The divers, however, will get the first shot, coast guard chief Adm. Wilfredo Tamayo said, "looking for open hatches or doors on the side of the ship, diving underneath, breaking cabin glass windows if we can break them or cut an opening."

"We'll do this at the earliest opportunity, weather permitting," Tamayo said.

On Sunday, divers heard no response when they hammered on the hull, but officials refused to give up.

"We're not ruling out that somebody there is still alive," Tamayo said. "You can never tell."

Hundreds of people are feared to have been trapped when the ship suddenly tilted and went belly up Saturday at the height of the powerful storm that left 163 people dead in flooded communities in the central Philippines.

All that was visible Monday of the 23,824-ton, seven-story Princess of Stars was one end poking out of the waters off Sibuyan island, still churning after Typhoon Fengshen's full force swept through.

Only 38 ferry survivors have been found, including 28 who drifted at sea for more than 24 hours, first in a life raft, then in life jackets, before they were found Sunday about 80 miles to the north in eastern Quezon province.

A U.S. Navy ship carrying search and rescue helicopters was headed in, and a P-3 maritime surveillance plane also was being dispatched. "We want to express our condolences to the Philippine people," State Department spokesman Tom Casey said.

Officials initially reported 747 passengers and crew were aboard the ferry, but said Monday that it was carrying about 100 more.
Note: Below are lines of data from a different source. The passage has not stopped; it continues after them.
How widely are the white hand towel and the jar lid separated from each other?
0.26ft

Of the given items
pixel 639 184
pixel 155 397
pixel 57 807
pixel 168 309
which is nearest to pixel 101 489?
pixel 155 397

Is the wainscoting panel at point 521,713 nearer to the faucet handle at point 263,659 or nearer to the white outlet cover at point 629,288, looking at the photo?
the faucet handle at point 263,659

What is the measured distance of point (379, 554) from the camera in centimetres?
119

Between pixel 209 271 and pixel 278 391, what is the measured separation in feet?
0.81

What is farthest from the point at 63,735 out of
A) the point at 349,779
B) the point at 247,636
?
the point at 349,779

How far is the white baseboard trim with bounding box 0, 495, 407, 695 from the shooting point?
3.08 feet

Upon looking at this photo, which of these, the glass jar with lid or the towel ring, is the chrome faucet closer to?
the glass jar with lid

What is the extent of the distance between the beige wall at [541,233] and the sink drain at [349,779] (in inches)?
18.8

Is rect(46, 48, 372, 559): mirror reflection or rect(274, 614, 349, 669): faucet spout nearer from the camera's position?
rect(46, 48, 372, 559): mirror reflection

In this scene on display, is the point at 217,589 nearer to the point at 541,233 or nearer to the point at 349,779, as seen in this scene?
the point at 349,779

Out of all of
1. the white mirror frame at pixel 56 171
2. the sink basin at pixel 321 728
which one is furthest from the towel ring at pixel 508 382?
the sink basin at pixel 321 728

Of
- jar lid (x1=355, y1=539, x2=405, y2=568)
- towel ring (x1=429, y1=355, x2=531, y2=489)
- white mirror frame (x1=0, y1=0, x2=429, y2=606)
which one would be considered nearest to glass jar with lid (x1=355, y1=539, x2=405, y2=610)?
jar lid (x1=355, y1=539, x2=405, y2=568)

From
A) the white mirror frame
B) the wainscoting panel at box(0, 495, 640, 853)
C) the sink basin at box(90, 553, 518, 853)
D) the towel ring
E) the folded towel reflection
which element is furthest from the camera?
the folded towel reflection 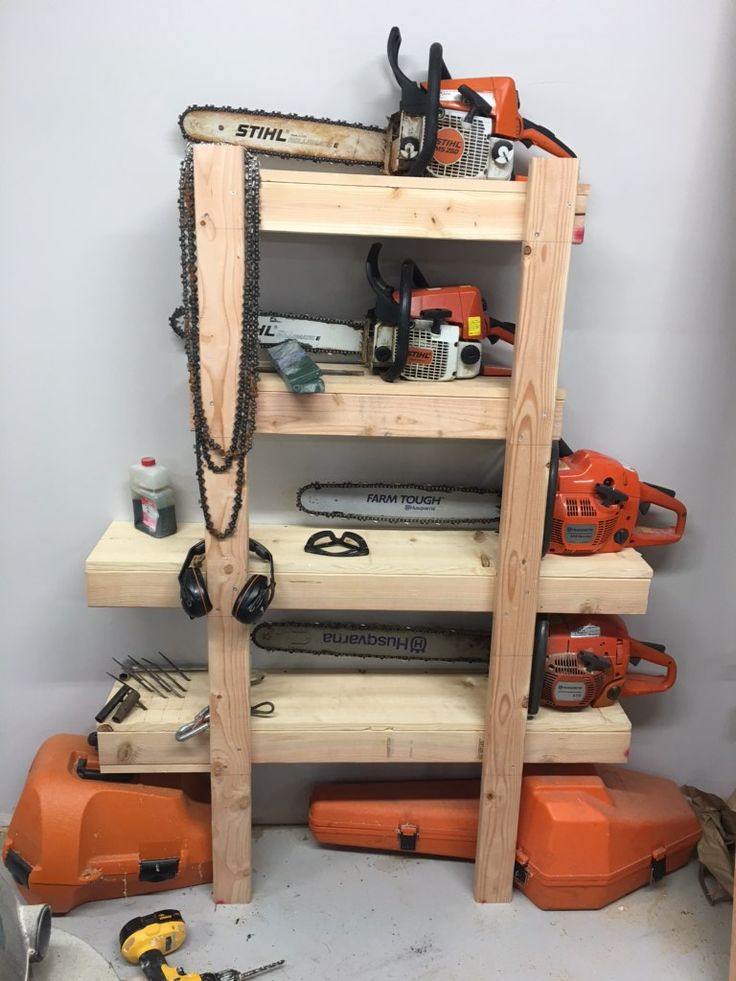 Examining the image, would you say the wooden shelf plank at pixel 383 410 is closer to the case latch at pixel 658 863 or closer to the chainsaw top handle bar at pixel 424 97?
the chainsaw top handle bar at pixel 424 97

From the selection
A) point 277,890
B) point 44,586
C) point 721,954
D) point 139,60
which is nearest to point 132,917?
point 277,890

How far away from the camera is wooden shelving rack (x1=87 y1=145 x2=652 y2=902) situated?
1.69 meters

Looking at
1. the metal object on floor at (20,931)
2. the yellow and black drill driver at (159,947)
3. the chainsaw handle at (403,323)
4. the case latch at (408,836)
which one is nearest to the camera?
the metal object on floor at (20,931)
Capacity was listed as 1,992 people.

The coast guard said it was checking a survivor's report that at least one group of people — some dead, some alive — had been spotted bobbing in the sea.

Six bodies, including those of a man and woman who had bound themselves together, have washed ashore, along with children's slippers and life jackets.
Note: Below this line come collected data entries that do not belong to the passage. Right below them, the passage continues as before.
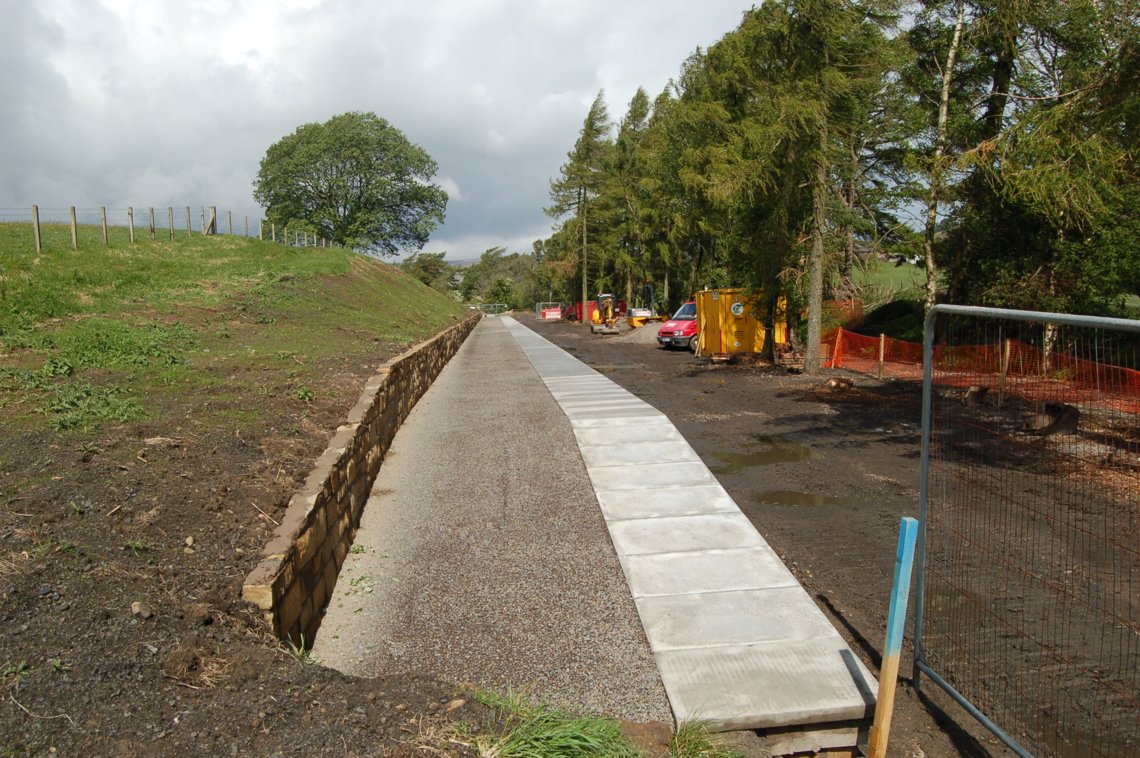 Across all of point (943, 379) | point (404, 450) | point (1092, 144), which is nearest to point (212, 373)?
point (404, 450)

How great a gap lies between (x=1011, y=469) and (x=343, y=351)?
11.1m

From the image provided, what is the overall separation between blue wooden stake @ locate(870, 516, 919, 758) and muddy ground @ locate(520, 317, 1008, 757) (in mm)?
293

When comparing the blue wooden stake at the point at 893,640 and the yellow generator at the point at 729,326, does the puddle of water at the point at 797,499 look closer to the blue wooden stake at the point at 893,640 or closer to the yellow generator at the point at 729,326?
the blue wooden stake at the point at 893,640

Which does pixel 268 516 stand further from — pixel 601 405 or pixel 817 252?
pixel 817 252

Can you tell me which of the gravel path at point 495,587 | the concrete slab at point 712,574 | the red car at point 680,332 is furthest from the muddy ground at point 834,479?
the red car at point 680,332

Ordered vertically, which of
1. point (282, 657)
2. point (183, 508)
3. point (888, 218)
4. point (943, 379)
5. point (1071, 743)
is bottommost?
point (1071, 743)

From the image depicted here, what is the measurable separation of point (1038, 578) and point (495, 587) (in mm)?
3752

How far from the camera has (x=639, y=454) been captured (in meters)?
9.46

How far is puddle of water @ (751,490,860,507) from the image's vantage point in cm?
772

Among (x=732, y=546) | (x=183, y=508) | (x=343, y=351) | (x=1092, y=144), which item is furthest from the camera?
(x=343, y=351)

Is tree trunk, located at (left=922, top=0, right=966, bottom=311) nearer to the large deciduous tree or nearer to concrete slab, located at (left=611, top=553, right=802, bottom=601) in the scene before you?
concrete slab, located at (left=611, top=553, right=802, bottom=601)

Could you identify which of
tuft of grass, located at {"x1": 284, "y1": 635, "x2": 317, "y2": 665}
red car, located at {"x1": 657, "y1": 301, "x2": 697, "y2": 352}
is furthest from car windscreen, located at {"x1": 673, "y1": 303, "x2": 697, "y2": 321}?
tuft of grass, located at {"x1": 284, "y1": 635, "x2": 317, "y2": 665}

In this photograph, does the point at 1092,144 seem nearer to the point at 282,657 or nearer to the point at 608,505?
the point at 608,505

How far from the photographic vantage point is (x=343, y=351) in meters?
14.4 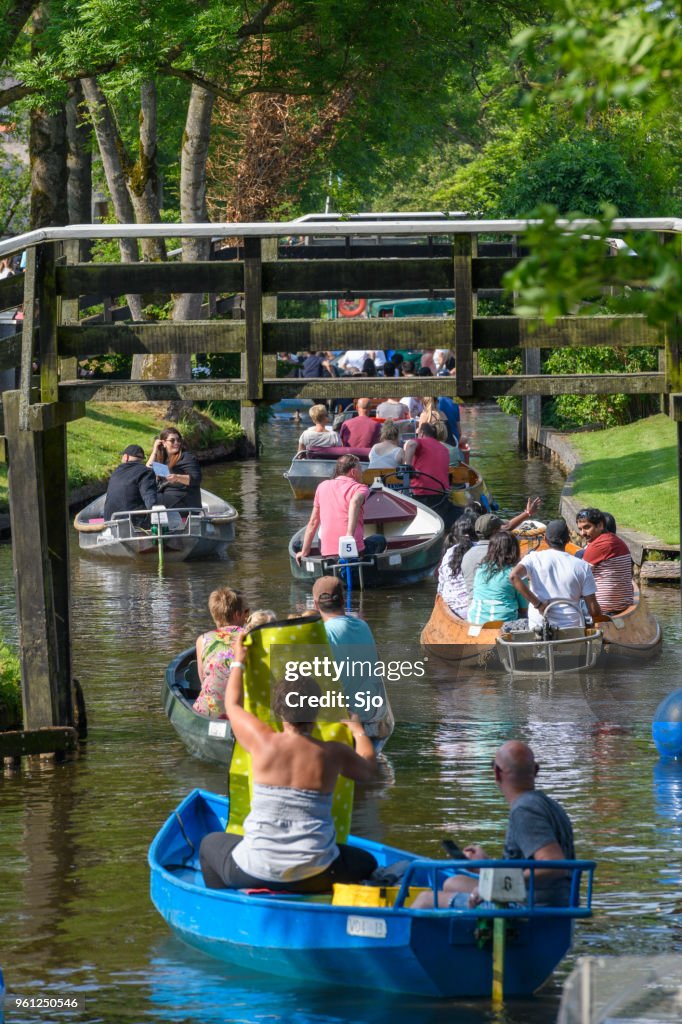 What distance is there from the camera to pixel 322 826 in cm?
895

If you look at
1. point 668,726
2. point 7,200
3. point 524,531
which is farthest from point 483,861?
point 7,200

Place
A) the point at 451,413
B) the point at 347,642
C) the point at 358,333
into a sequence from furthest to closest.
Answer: the point at 451,413, the point at 358,333, the point at 347,642

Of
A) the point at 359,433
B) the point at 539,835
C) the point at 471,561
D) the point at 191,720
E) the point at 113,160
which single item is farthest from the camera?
the point at 113,160

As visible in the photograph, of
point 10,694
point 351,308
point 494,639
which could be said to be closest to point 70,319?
point 10,694

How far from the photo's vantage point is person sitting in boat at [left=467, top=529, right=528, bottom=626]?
622 inches

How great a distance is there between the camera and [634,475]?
27281 mm

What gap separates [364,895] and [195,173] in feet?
85.8

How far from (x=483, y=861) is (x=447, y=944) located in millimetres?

While some relatives tearfully waited for news, others angrily questioned why the ship was allowed to leave Manila late Friday for a 20-hour trip to Cebu with a typhoon approaching. President Gloria Macapagal Arroyo said the ferry never should have departed.

Sulpicio Lines said it sailed with coast guard approval. The government ordered the company to suspend services pending an investigation and a check of its other ships' seaworthiness.

Debate also began anew on safe-sailing rules in a country prone to storms — Fengshen was the seventh typhoon this year — and dependent on ferries to get around the sprawling archipelago.

The company said it will give $4,500 in compensation to relatives of each person who died, along with financial assistance to the survivors.

The storm continued to dump rain on Luzon island and generate strong winds Monday as it headed toward China and Taiwan.

The Philippines was the scene of the world's worst peacetime maritime disaster when the ferry Dona Paz sank in 1987, killing more than 4,341 people.